残業が発生してしまっている会社においては、固定残業代は労働者の自発的な業務効率化の意識を高められる可能性のある制度だと私は思っています。労働弁護士などはブラック企業を叩くのが仕事ですから、固定残業代=ブラック企業の代名詞みたいに一律で固定残業代を否定する人もいますが、そうではなく固定残業代の制度があっても良い企業はあると思いますので注意した方が良いと思います。
固定残業代の問題点は制度そのものではなくて、提示している給料の中に実は固定残業代が含まれるという事実を言わない、またはわかりにくくしている企業があることです。
初任給22万と提示されていたのに、実はそのうち5万は固定残業代でしたみたいなパターンです。そうすると固定残業代を除いた分の給料は17万ということになってしまい、本当はすごく低い給料なのにその事実を正しく伝えないことが問題なのです。
中には非常に高い給料を提示しているのに、実は固定残業代がたくさん含まれており、実質的には法律で定められた最低時給ギリギリなんて企業もあります。
紳士服のはるやまさんは、正規に提示された給与額に上乗せする形でノー残業手当を支払う形を取っており、労働者が誤解するようなところが何もないから賞賛する声も多いわけですね。
それに対して、固定残業代の情報を曖昧にして労働者を騙すような形で求人情報を出しているような会社も多くありますので、そのような会社に入ってしまうと後になって思っていた給料と違うとなってしまうので要注意です。
裁量労働制かどうか
固定残業代もそうですが、私は裁量労働制自体はそんなに悪くない制度だと思っています。
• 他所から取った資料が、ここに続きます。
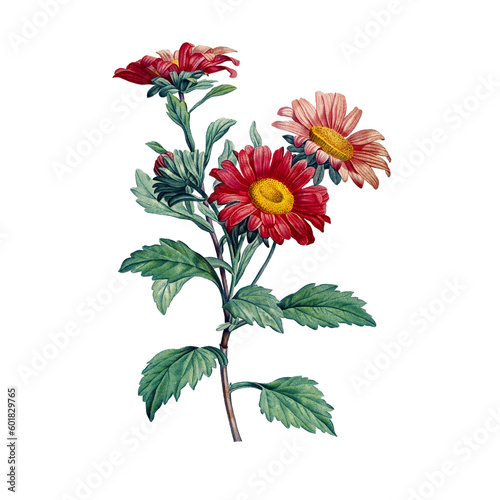 Botanical illustration of different types of flowers on a white background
労働者に裁量を委ねるその主旨は素晴らしいと思っています。ただし理想と現実は違うというところが中々切ないところであります。
他の業界だと違う場合もあるのかもしれませんが、IT業界で裁量労働制を採用している会社は残業代を払わないためにこの制度を導入しています。
裁量労働制の企業の説明会に行ったら、そこの会社の社員の人に「残業がない月もありますか」と聞いてみるといいですよ。私も学生時代に就職活動していた時には裁量労働制の会社に残業しないで済むこともあるのか必ず聞いていましたが、残業まみれの会社しかありませんでした。
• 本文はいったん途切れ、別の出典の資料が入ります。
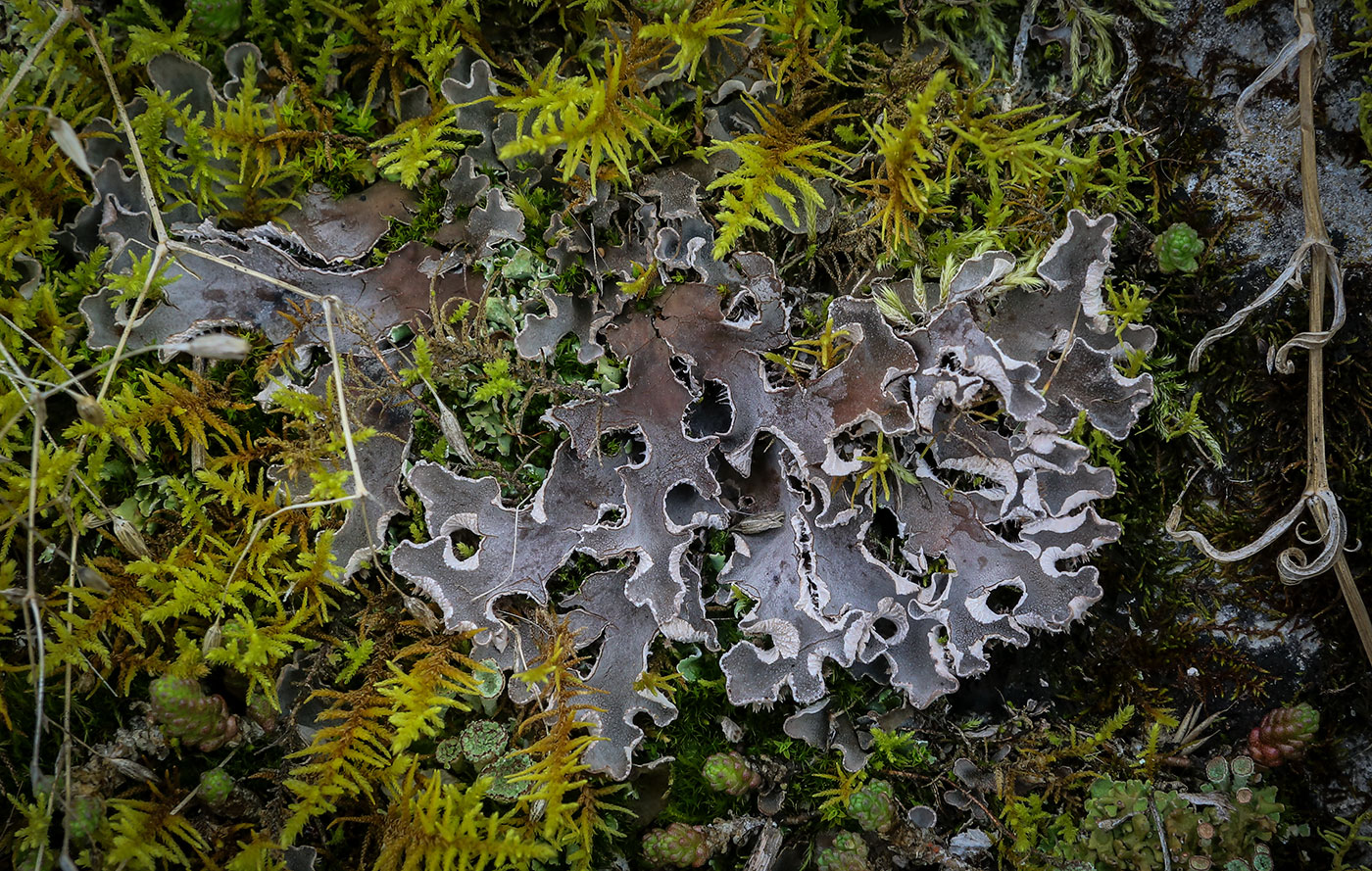 Image of genus Peltigera specimen.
また裁量労働制で働いていても長時間労働になる傾向は避けられず、労働時間が長いことに対する不満が大きいようです。
そもそも裁量労働制の適用される職種が非常に微妙です。こちら厚生労働省のホームページにあるページですが、
http://www.mhlw.go.jp/general/seido/roudou/senmon/a2.html
いわゆる「SE」と呼ばれる業種については裁量労働制の適用ができるということを書いていると思われますが、
プログラムの設計又は作成を行うプログラマーは含まれない
と最後に書かれています。大手SIerが自社の従業員をプログラマーとして育成しないのはこれが理由ではないかと疑ってしまうような内容です。
とりあえずプログラムの設計や作成を行っているのに裁量労働制の会社は全部アウトです。ましてや常駐開発やっているような会社の社員においては裁量なんてありませんから論外です。
常駐開発を行っているかどうか
断言してしまいますが、
常駐開発を行っているIT企業は全部ブラック企業です。
常駐開発をしている会社は偽装請負という違法行為をやっている会社です。彼らはグレーゾーンという言い方をしますがただの違法行為です。詳しくはこちらの記事に書いてます↓
常駐開発なんて偽装請負をやるためにやっているようなもんだと思っています。偽装請負ではないなら普通に自社内で開発するか、派遣契約でやればいいです。
ブラック企業にはまってしまわないためにどうすれば良いか
求人情報から見分けることは難しい
正直求人情報からブラック企業であることを見抜くのは難しい側面もあります。求人サイトに掲載されている情報は、その求人媒体の会社が企業から広告料を支払ってもらって作成されます。お金をもらっておきながらその会社のブラックな情報を包み隠さず書いてしまうなんてことは中々難しい。ブラック企業であっても楽しそうな雰囲気を醸し出した求人原稿を作ってくれます。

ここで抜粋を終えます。